I’ll gladly admit the truth: I’m not sure what these verses are directly referring to. But I find nothing in them that even remotely compares with the polytheistic myths mentioned in Batto.
Batto’s article builds to a pinnacle of absurdity when he asserts that we will be “enriched” by knowing that it is “Near 014Eastern myth” that lies behind the Gospel account of Jesus’ awakening to calm the stormy sea! Batto and the rest of the gods of modern intellectualism forbid that Jesus in fact had the divine power to do what the account says he did! They just explain it away as an influence from “Near Eastern myth.”
No, the shoe does not fit, Mr. Batto, and I, for one, am not buying!
Portland, Maine
The Tree Outside the Wall
Jane Dillenberger’s fine reading of Jan van Eyck’s and Sandro Botticelli’s depictions of the Annunciation (“Dual Impressions—Looking for style and Content in Christian Art,” BR 03:04) invited my eyes to study and understand better: to this end she nicely proved her point that “the more we know about art in general, and about [a] particular painting, the more accessible that painting becomes to our understanding.”
On several symbols, however, our eyes don’t agree. Professor Dillenberger notes that Botticelli places a “single, slender tree rising gracefully from the center of the walled-in area, and she observes that “[T]he enclosed garden is a traditional symbol of Mary’s virginity…”
Closer examination, however, shows that the tree is outside of this enclosure and not within it.
And the enclosure bears little resemblance to a garden; but it does bear a striking resemblance to the sepulchre in Hubert van Eyck’s “The Three Marys at the Sepulchre” (also attributed to Jan van Eyck), and to the tomb Jesus is stepping out of in “The Kildare Book of Hours” (Morgan MS M. 105, fol. 20).

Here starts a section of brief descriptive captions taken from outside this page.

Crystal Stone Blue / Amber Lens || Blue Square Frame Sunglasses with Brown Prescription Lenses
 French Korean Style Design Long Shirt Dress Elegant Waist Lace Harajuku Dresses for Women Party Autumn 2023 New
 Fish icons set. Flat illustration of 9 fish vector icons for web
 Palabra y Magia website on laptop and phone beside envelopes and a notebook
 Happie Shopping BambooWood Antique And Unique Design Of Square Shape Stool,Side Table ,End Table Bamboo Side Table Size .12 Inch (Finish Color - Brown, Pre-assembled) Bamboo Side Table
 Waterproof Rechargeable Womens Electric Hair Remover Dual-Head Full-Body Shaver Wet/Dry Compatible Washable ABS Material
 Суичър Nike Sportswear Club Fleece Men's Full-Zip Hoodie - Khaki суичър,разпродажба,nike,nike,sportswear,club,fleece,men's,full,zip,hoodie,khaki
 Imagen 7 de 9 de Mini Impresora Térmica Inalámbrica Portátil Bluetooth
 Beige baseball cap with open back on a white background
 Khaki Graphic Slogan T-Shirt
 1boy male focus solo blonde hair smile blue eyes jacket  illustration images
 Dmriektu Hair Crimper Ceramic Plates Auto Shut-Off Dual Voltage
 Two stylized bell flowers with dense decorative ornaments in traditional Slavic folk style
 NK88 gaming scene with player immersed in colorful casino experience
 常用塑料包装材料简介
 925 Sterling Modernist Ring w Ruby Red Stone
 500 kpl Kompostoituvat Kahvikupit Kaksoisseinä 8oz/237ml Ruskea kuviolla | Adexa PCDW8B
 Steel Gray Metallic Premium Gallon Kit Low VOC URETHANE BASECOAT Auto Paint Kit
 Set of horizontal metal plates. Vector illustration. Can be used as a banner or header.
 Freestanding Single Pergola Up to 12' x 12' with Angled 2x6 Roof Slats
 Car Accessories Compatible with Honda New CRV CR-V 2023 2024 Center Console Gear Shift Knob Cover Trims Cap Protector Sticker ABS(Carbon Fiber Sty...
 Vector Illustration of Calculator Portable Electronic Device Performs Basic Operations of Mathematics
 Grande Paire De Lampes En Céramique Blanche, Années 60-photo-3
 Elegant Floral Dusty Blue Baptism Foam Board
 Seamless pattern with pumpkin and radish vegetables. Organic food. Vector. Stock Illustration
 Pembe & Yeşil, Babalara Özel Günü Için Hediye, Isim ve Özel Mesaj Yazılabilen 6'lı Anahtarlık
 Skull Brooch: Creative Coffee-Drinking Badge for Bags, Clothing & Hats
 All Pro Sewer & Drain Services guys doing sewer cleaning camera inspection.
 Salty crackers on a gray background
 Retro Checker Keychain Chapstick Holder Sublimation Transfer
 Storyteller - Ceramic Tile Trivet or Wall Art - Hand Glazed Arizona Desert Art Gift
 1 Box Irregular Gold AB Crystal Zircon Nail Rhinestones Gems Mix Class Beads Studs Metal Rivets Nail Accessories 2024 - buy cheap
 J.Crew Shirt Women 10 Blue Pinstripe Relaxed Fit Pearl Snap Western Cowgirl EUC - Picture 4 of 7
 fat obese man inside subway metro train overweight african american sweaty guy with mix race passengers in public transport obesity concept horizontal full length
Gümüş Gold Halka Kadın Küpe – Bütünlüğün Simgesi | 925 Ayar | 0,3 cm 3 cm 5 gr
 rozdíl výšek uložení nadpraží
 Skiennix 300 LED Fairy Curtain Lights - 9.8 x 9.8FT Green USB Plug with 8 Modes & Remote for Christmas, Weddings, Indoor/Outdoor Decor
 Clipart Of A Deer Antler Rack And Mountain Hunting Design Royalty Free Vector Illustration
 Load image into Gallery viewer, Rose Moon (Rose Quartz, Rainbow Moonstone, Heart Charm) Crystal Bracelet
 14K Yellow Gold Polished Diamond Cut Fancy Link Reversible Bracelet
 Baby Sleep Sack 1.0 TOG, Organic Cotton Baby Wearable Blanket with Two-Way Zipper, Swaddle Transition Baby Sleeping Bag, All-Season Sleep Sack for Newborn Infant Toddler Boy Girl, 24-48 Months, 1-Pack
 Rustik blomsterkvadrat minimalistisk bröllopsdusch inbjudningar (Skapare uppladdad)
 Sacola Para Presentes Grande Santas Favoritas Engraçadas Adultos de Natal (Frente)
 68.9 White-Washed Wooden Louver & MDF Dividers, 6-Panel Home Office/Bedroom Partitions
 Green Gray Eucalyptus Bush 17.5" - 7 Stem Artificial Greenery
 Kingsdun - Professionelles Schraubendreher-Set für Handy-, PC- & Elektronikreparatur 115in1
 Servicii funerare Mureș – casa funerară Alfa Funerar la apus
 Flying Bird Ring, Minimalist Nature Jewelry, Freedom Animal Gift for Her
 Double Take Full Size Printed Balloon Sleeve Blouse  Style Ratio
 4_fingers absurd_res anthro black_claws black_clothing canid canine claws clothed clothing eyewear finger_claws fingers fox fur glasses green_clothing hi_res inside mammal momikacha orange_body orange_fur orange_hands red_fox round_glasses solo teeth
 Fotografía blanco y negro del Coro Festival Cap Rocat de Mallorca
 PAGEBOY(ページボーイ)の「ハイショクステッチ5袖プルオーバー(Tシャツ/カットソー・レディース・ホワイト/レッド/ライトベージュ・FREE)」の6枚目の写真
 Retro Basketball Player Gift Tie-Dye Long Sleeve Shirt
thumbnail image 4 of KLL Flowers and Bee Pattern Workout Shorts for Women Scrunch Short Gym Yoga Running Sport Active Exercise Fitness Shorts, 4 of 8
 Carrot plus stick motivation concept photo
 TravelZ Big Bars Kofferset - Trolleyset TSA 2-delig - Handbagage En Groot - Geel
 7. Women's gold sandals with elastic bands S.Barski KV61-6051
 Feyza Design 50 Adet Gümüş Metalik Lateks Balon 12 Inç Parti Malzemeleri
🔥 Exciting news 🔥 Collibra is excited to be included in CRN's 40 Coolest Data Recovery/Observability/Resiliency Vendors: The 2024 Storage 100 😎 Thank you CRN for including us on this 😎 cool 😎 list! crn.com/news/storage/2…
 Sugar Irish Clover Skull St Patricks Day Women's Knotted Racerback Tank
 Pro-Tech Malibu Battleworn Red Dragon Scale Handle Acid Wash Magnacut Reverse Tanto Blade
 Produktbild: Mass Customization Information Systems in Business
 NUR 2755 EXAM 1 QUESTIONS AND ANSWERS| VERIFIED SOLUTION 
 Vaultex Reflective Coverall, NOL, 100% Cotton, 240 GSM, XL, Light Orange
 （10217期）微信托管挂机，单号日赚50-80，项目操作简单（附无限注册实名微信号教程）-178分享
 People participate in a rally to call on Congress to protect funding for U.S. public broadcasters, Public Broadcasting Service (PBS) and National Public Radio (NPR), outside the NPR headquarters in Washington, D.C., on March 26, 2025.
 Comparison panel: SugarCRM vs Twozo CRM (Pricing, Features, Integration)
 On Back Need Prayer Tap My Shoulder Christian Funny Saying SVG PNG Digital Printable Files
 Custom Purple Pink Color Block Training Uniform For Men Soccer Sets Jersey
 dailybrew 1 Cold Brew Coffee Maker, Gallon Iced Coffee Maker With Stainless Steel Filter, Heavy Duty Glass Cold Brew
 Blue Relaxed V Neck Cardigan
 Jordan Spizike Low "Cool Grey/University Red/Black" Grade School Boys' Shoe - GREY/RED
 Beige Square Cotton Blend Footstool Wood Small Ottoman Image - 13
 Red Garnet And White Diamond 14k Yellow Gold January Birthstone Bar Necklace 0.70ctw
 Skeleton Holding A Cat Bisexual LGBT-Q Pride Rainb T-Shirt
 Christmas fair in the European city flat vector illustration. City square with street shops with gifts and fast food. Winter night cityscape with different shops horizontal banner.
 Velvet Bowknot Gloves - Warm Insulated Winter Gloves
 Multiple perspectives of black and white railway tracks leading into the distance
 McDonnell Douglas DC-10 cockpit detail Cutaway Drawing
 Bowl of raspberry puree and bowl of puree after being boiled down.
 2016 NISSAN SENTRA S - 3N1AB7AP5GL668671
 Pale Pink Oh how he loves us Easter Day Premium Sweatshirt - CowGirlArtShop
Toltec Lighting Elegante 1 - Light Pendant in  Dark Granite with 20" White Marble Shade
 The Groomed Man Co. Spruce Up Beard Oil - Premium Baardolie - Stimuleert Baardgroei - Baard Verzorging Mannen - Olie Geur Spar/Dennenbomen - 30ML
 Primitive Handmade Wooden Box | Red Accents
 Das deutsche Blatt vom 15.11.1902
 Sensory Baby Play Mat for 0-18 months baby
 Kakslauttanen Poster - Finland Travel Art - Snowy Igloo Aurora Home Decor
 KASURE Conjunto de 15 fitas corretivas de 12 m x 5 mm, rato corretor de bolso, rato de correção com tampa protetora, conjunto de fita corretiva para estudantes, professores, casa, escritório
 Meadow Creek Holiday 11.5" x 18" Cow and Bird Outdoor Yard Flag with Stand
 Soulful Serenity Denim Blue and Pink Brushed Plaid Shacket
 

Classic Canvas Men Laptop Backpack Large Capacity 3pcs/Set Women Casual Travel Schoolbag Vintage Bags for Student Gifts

Although the tree might be symbolic of the rod and flower that Isaiah prophesies shall come from the root of Jesse, Botticelli’s tree is puzzling. To get eleven branches [for the tribes of Israel], we have to count the division of the main branches into smaller, and then even smaller ones. The twelfth stem would, if the symbol works, be the babe in Mary’s womb. A more typical version of Jesse’s tree, with its twelve main branches given equal size, can be seen in a plate from A Book of Christian Praiers reproduced in Stanley Stewart’s The Enclosed Garden (The University of Wisconsin Press, 1966, figure 26). Botticelli’s main trunk, by contrast splits into two near the top, and from the trunk spring three main branches. The mystical number five may or may not be intended.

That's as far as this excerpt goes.